OCaml 教程 / 依赖记录与类型级编程

(* OCaml 不能直接写出 replicate : (n:int) -> 'a -> 'a list
   其中返回类型依赖于 n 的值，但可以用 GADTs 模拟 *)

(* 先引入类型级自然数 *)
type zero = Zero
type 'n succ = Succ

type _ nat =
  | Z : zero nat
  | S : 'n nat -> 'n succ nat

(* 长度索引向量 *)
type (_, _) vec =
  | Nil : (zero, 'a) vec
  | Cons : 'a * ('n, 'a) vec -> ('n succ, 'a) vec

let x : (zero succ succ, int) vec = Cons (1, Cons (2, Nil))
(* x 是长度为 2 的 int 向量 *)

type zero = Zero
type 'n succ = Succ

type _ nat =
  | Z : zero nat
  | S : 'n nat -> 'n succ nat

(* 类型级自然数：0, 1, 2, 3, ... *)
let n0 : zero nat = Z
let n1 : zero succ nat = S Z
let n2 : zero succ succ nat = S (S Z)
let n3 : zero succ succ succ nat = S (S (S Z))

(* 类型级加法证明 *)
type (_, _, _) plus =
  | PlusZ : (zero, 'n, 'n) plus
  | PlusS : ('m, 'n, 'p) plus
    -> ('m succ, 'n, 'p succ) plus

(* 证明 2 + 1 = 3 *)
let proof_2_plus_1 : (zero succ succ, zero succ, zero succ succ succ) plus =
  PlusS (PlusS PlusZ)

(* 运行时加法 *)
let rec nat_to_int : type n. n nat -> int = function
  | Z -> 0
  | S n -> 1 + nat_to_int n

let rec add_nat : type m n. m nat -> n nat -> (m, n, _) nat =
  fun m n -> match m with
  | Z -> n
  | S m' -> S (add_nat m' n)

let result = add_nat n2 n1  (* 类型: zero succ succ succ nat *)
let () = Printf.printf "2 + 1 = %d\n" (nat_to_int result)
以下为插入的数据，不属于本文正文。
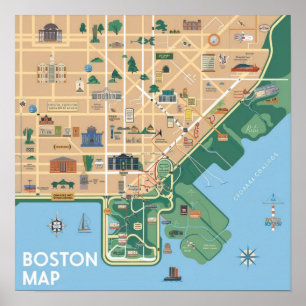 Poster Carte vintage de Boston Massachusetts, carte de Bo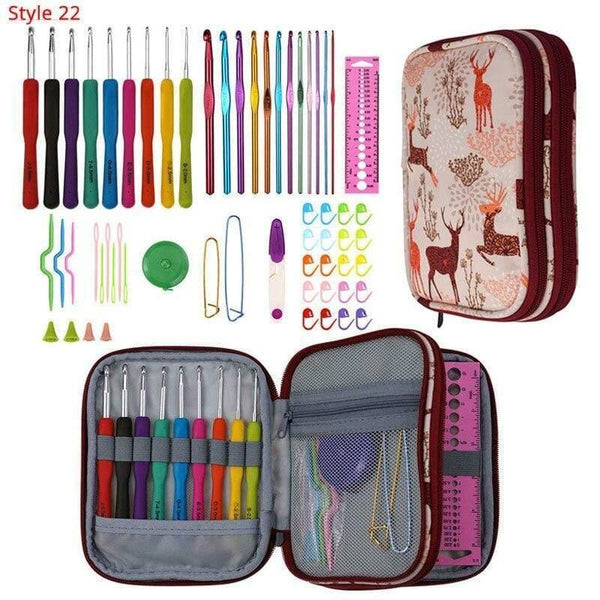 Planet Gates Style 22 Crochet Hooks Set With Case 35 Styles Knitting Needles Set DIY Needle Arts Craft Scissors Stitch Markers Sewing Tools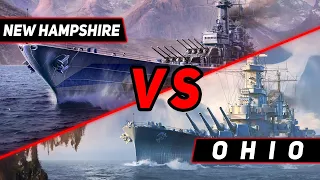 ЛИНКОР NEW HAMPSHIRE VS OHIO ЧТО ОКАЖЕТСЯ СИЛЬНЕЕ?! МИР КОРАБЛЕЙ/WORLD OF WARSHIPS!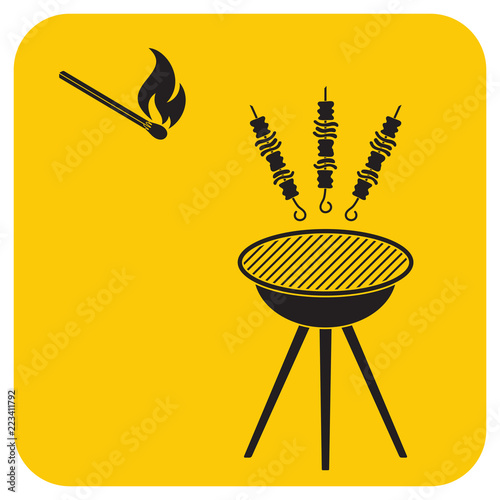 Grilled kebab icon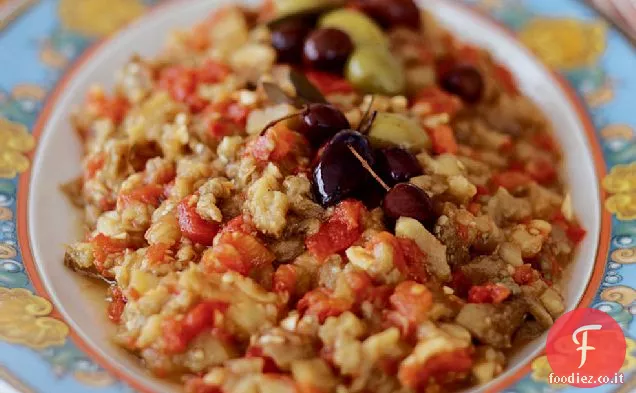 Insalata di melanzane con cumino ed erbe fresche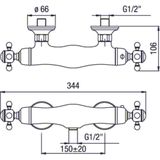 Douchekraan Opbouw Thermostatisch Sapho Sassari 2-knop Chroom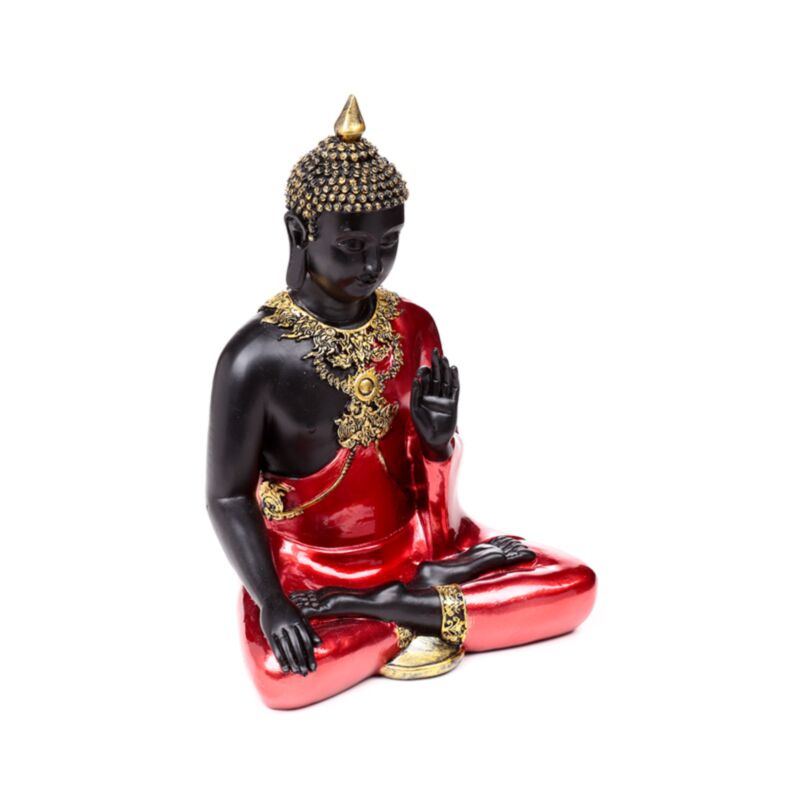 Rood, zwart goud thaise boeddha meditatie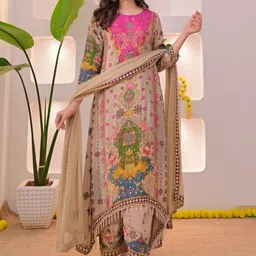 BAESD Women Floral Printed Regular Sequinned Kurta with Patiala & With Dupatta-picture-28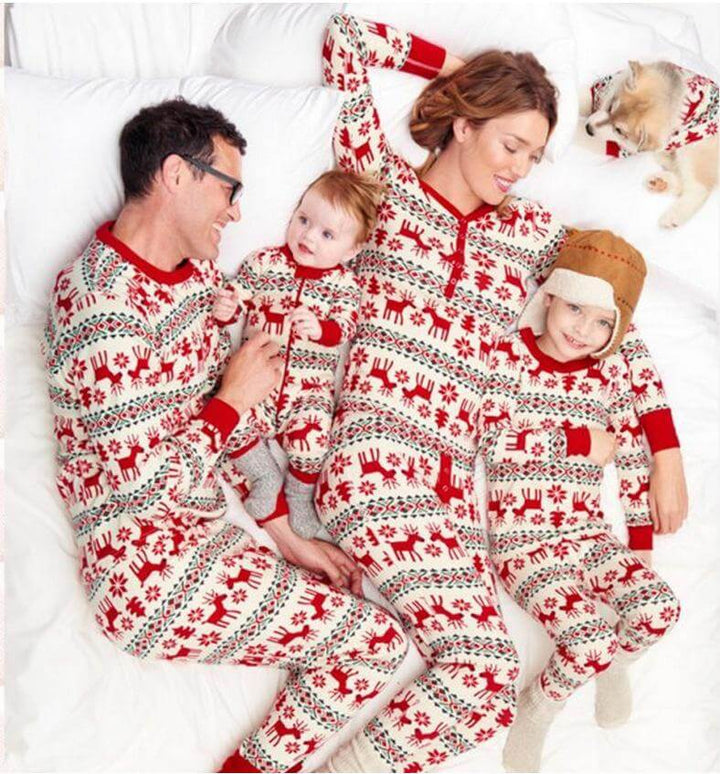 Klasická vánoční sada pyžama s potiskem jelena (s oblečky pro psa Pet's)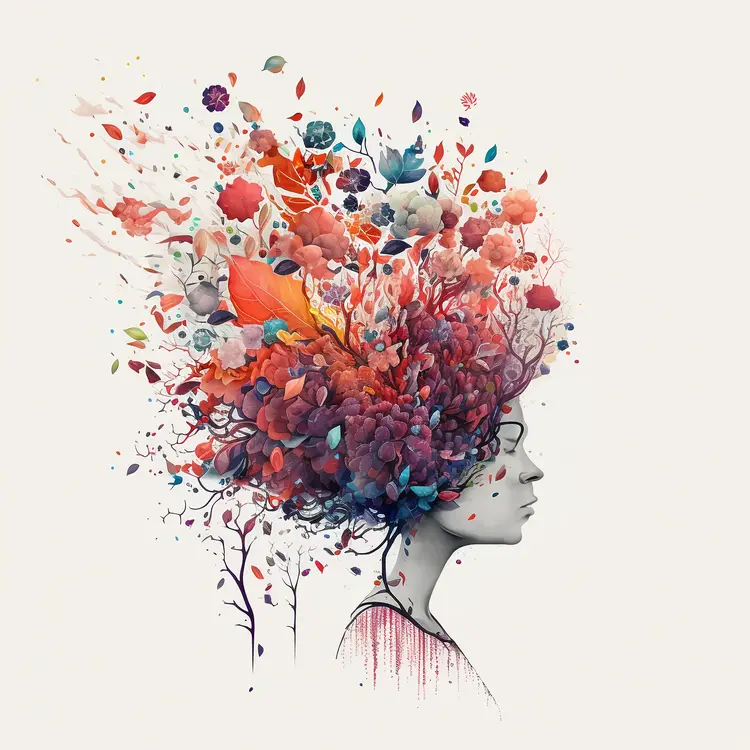 Woman with Floral Hair in Abstract Art
Woman with Floral Hair in Abstract Art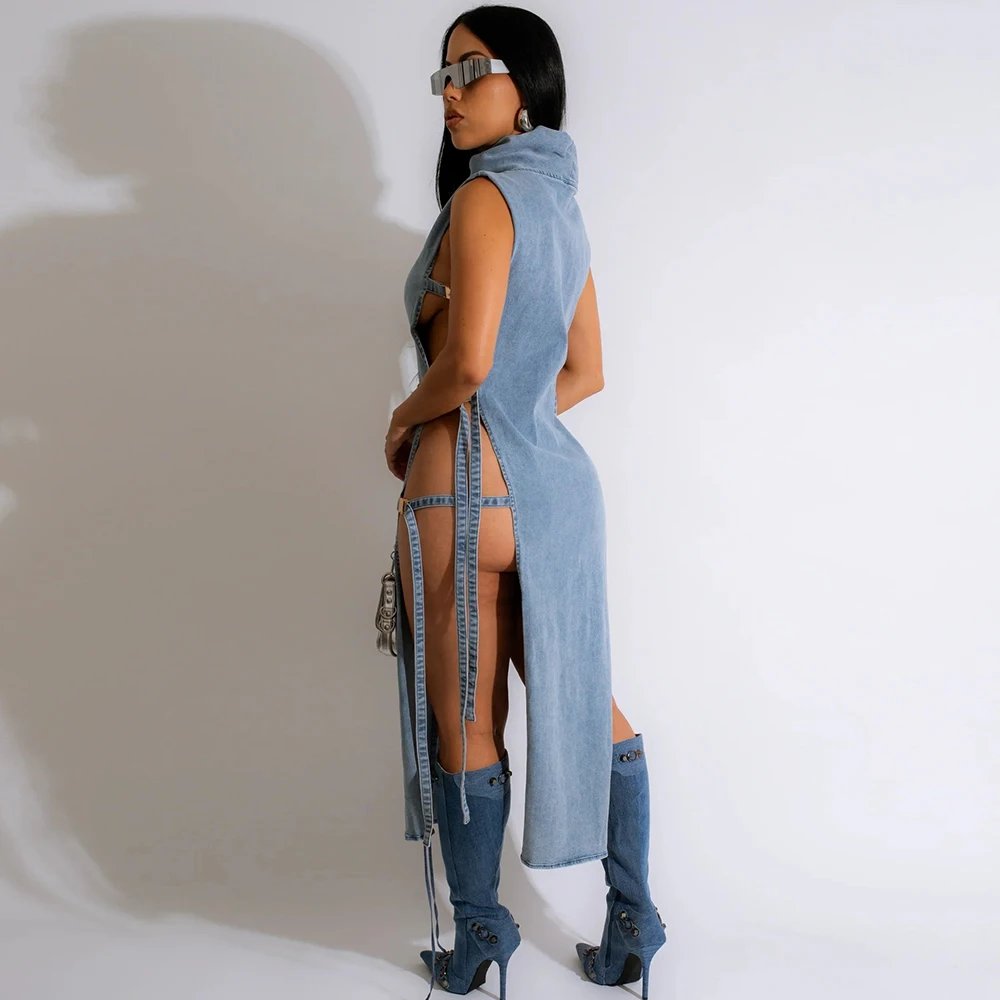 Women Turtleneck Sleeveless Casual Midi Dress Sexy Side High Slit Denim Sundress 2023 Summer Harajuku Fairy Grunge Clothes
(* ∃(n:nat). vec(n, int) *)
type packed_vec = PV : 'n nat * ('n, int) vec -> packed_vec

let pv1 = PV (S (S Z), Cons (1, Cons (2, Nil)))
let pv2 = PV (S (S (S Z)), Cons (3, Cons (4, Cons (5, Nil))))

(* 获取长度 *)
let pv_length (PV (n, _)) = nat_to_int n

let () = Printf.printf "pv1 length: %d\n" (pv_length pv1)  (* 2 *)
let () = Printf.printf "pv2 length: %d\n" (pv_length pv2)  (* 3 *)

type true_ = True
type false_ = False

type (_, _, _) and_ =
  | AndTT : (true_, true_, true_) and_
  | AndTF : (true_, false_, false_) and_
  | AndFT : (false_, true_, false_) and_
  | AndFF : (false_, false_, false_) and_

type (_, _, _) or_ =
  | OrTT : (true_, true_, true_) or_
  | OrTF : (true_, false_, true_) or_
  | OrFT : (false_, true_, true_) or_
  | OrFF : (false_, false_, false_) or_

type _ not =
  | NotT : true_ not -> false_
  | NotF : false_ not -> true_

type nil = Nil
type ('h, 't) cons = Cons

type _ tlist =
  | TNil : nil tlist
  | TCons : 'h * 't tlist -> ('h, 't) cons tlist

(* 类型级列表操作 *)
type (_, _, _) tappend =
  | TAppendNil : (nil, 'b, 'b) tappend
  | TAppendCons : ('t, 'b, 'c) tappend
    -> (('h, 't) cons, 'b, ('h, 'c) cons) tappend

type (_, _) eq = Refl : ('a, 'a) eq

let cast : type a b. (a, b) eq -> a -> b = fun Refl x -> x

(* 证明 int = int *)
let int_eq_int : (int, int) eq = Refl

(* 对称性 *)
let sym : type a b. (a, b) eq -> (b, a) eq = fun Refl -> Refl

(* 传递性 *)
let trans : type a b c. (a, b) eq -> (b, c) eq -> (a, c) eq =
  fun Refl Refl -> Refl

type zero = Zero
type 'n succ = Succ

type (_, _) vec =
  | Nil : (zero, 'a) vec
  | Cons : 'a * ('n, 'a) vec -> ('n succ, 'a) vec

(* 安全的 head —— 非空向量一定有 head *)
let head : type n. (n succ, 'a) vec -> 'a = fun (Cons (x, _)) -> x

(* 安全的 tail *)
let tail : type n. (n succ, 'a) vec -> (n, 'a) vec = fun (Cons (_, xs)) -> xs

(* 长度 *)
let rec length : type n a. (n, a) vec -> int = function
  | Nil -> 0
  | Cons (_, xs) -> 1 + length xs

(* 映射 *)
let rec vmap : type n a b. (a -> b) -> (n, a) vec -> (n, b) vec =
  fun f -> function
  | Nil -> Nil
  | Cons (x, xs) -> Cons (f x, vmap f xs)

(* zip —— 两个相同长度的向量 *)
let rec vzip : type n a b. (n, a) vec -> (n, b) vec -> (n, a * b) vec =
  fun xs ys -> match xs, ys with
  | Nil, Nil -> Nil
  | Cons (x, xs'), Cons (y, ys') -> Cons ((x, y), vzip xs' ys')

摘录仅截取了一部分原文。